● TASK STATEMENT
Look through the records below, and whenever a line contains "with", copy it.

● DATA FOR THE TASK

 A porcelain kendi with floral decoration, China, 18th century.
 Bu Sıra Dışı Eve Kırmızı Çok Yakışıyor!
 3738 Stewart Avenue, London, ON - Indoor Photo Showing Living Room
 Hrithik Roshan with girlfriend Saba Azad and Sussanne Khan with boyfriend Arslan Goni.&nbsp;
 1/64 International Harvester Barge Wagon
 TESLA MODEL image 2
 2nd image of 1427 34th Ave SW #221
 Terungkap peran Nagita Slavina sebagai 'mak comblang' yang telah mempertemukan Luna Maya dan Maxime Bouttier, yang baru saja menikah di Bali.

● FINISHED TASK
 A porcelain kendi with floral decoration, China, 18th century.
 Hrithik Roshan with girlfriend Saba Azad and Sussanne Khan with boyfriend Arslan Goni.&nbsp;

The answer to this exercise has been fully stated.